• TASK STATEMENT: An exact copy of every line from the one holding "Mission Kaleidos Darts" to the end of the entries below is required; leave the pictures out.
= = =
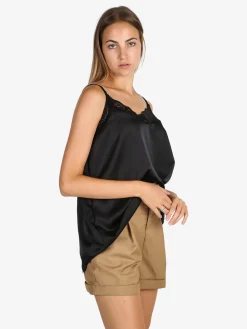 Solada Top donna effetto raso con pizzo - nero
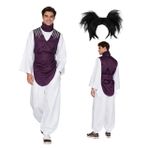 MANMICOS ABD boyutu Komik Cosplay kostümü Erkek Mor giyim parti kıyafeti (Mor, Large)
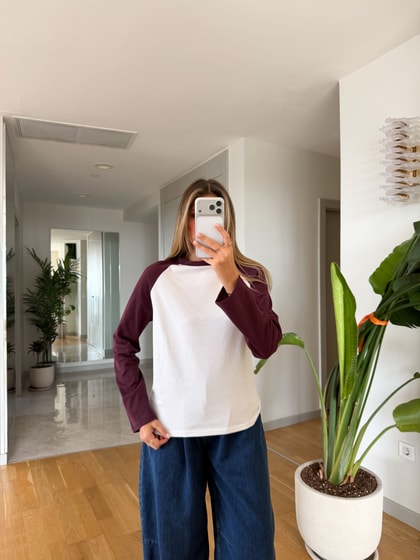 Kolu Renkli Sweatshirt - Mürdüm
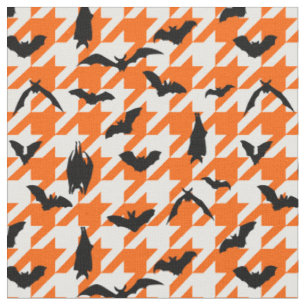 orange houndstooth halloween black bats fabric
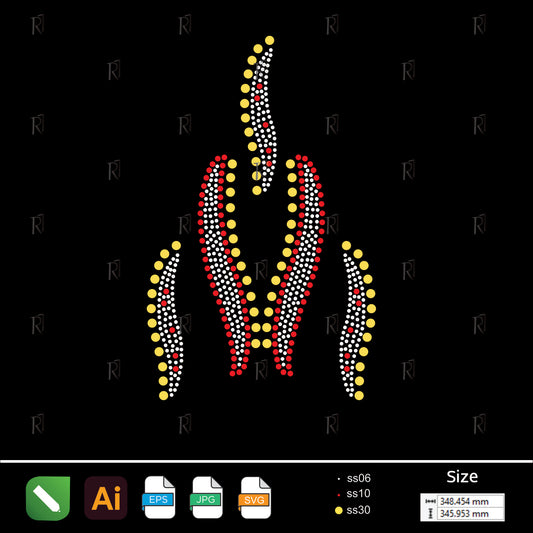 Rising Flame Elegance – Premium Rhinestone Design by Rhinestone1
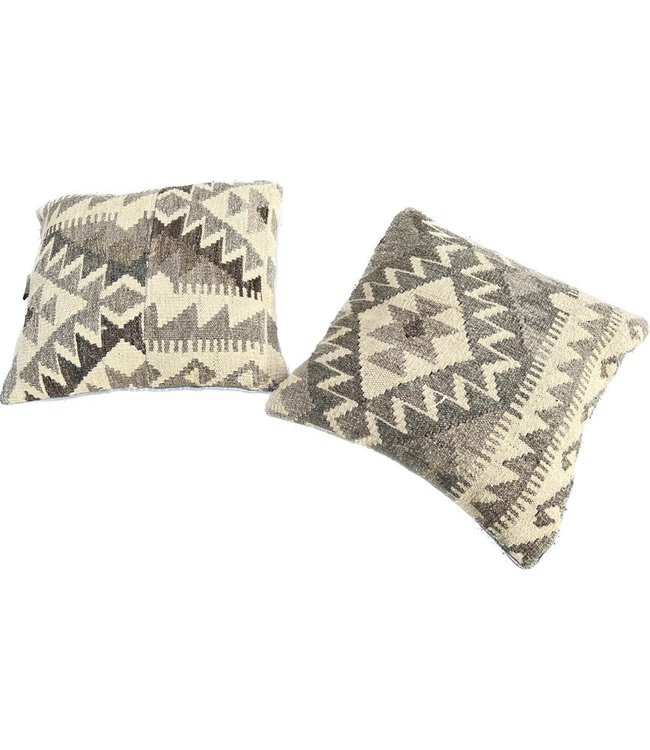 2x kelim kussens natural ca 45x45 cm met vulling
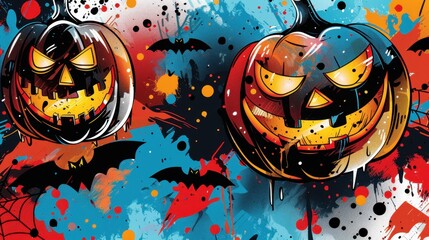 A Halloween background in a pop art style with bold colors and playful elements, perfect for festive designs.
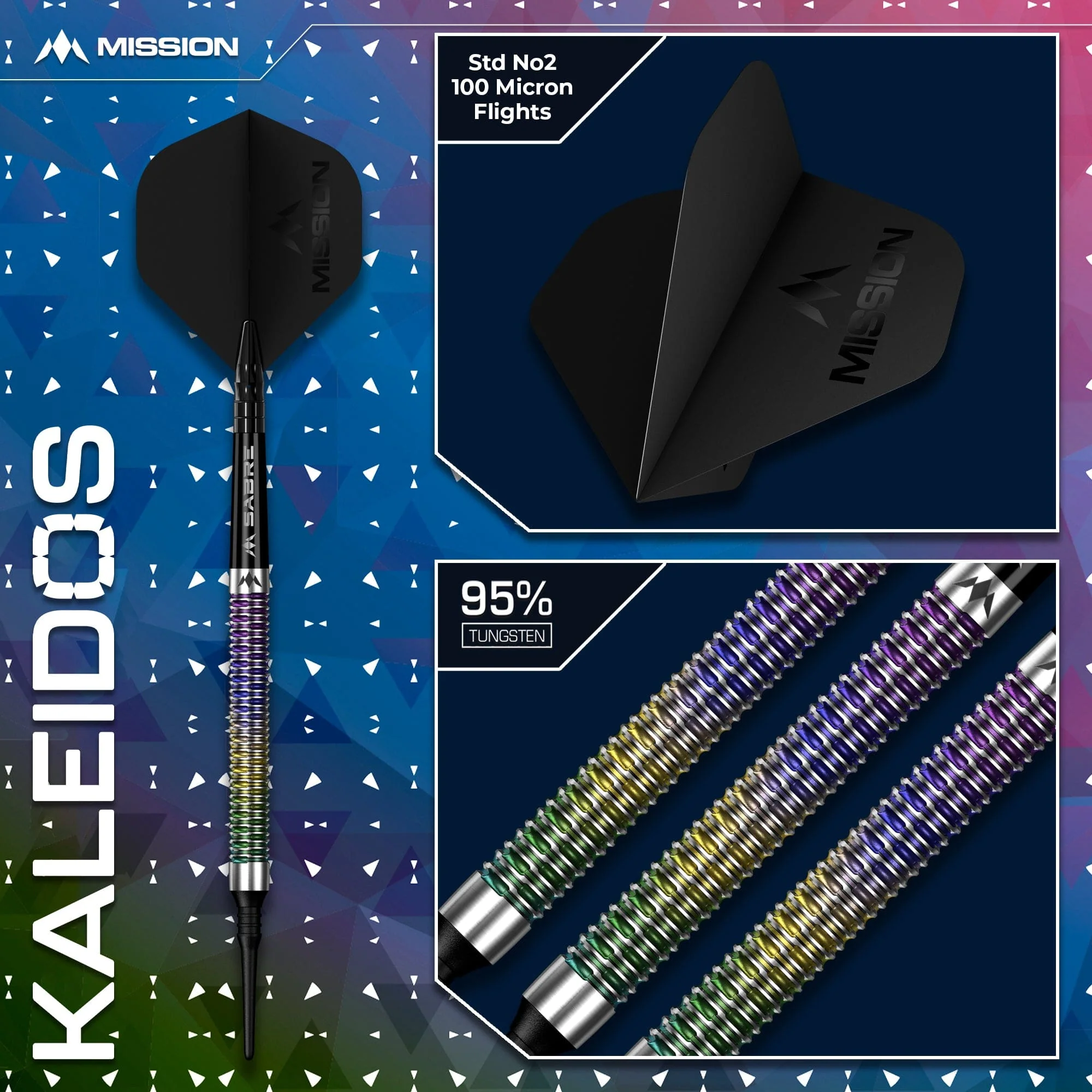 Mission Kaleidos Darts - Soft Tip - 95% Tungsten - Image 5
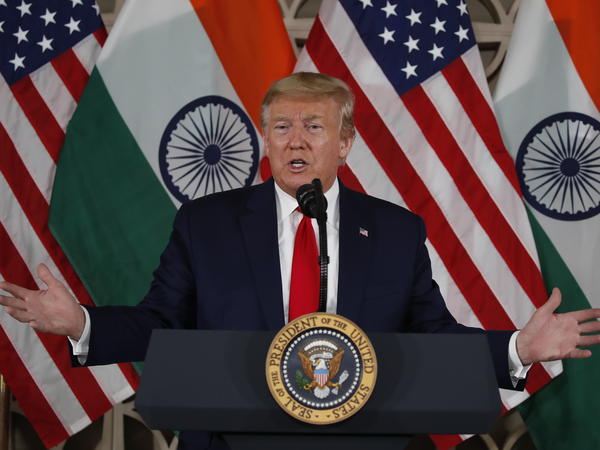 President Trump speaks Tuesday with business leaders in New Delhi.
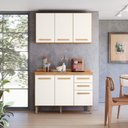 Ver imagem 1 de Armario para Cozinha Modulada 2 Peças com Balcão com Tampo e Armário Aéreo Amore Bege/Freijo/Off White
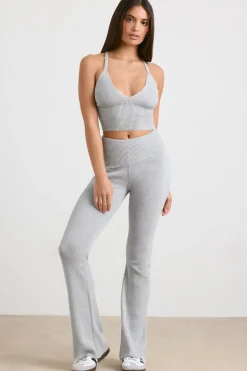 Oh Polly Petite^Petite Chunky Knit Kick Flare Trousers in Heather Grey HeatherGrey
= = =
• EXERCISE RESPONSE:
 Mission Kaleidos Darts - Soft Tip - 95% Tungsten - Image 5
 President Trump speaks Tuesday with business leaders in New Delhi.
 Ver imagem 1 de Armario para Cozinha Modulada 2 Peças com Balcão com Tampo e Armário Aéreo Amore Bege/Freijo/Off White
 Oh Polly Petite^Petite Chunky Knit Kick Flare Trousers in Heather Grey HeatherGrey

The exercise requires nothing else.